All this has occurred against a backdrop of rampant grade inflation, some of it just across the Charles River. By the early 2000’s, 9 of every 10 Harvard graduates received honors at commencement and nearly half of all undergraduate grades were A or A-minus. . . .
A skeptic could contend that Harvard students are so gifted that the stratospheric grades reflect the collective brain-power, except that in state universities that are far less selective, the same phenomenon holds. At the University of Minnesota’s main campus, 40 percent of undergraduate grades are A’s. The percentage of A’s at the University of Delaware went up by half, to 35 percent, from 1987 to 2002.

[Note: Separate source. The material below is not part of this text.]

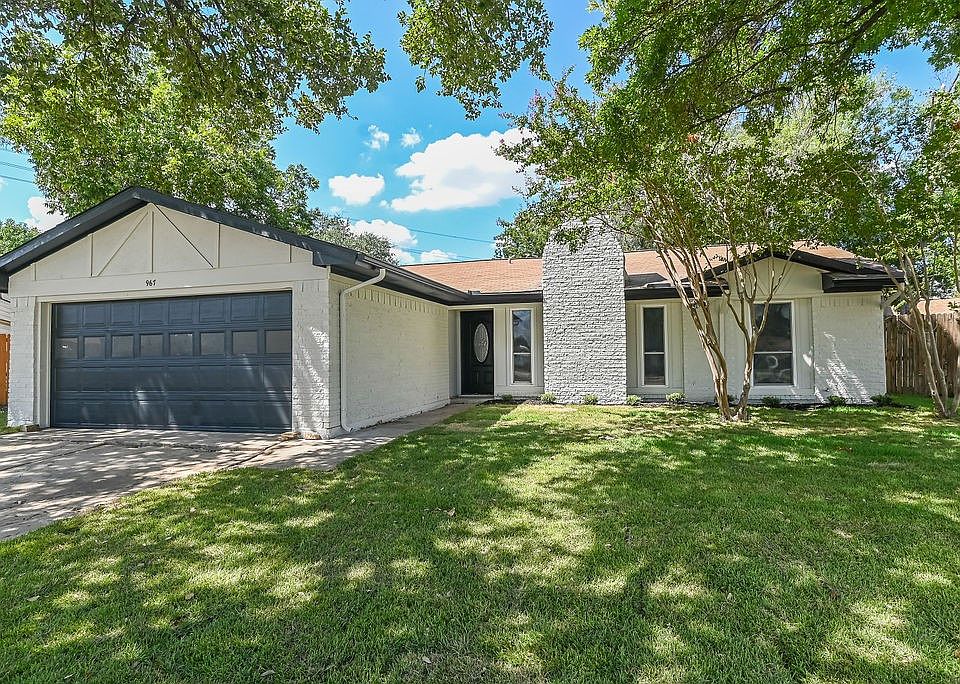 1st image of 967 Madison Cir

The article notes that many students seem to feel that for the $40,000 or so they’re spending at elite colleges, they should be entitled to inflated grades, especially when many count on those grades to give them a competitive advantage when it comes to applying for graduate or professional schools once they graduate.
My take is that no student is “entitled” to any grade -- s/he earns what s/he deserves. The current generation of students are apparently used to and expect immediate gratification in whatever they do. For them, it may come as somewhat of a shock to learn that the academic world and professor’s lives do not revolve around their needs.
Instead, in order to do well and earn a good grade, they need to put in the time, do the work, and be judged by objective standards. After all, that’s what getting a college education should be about.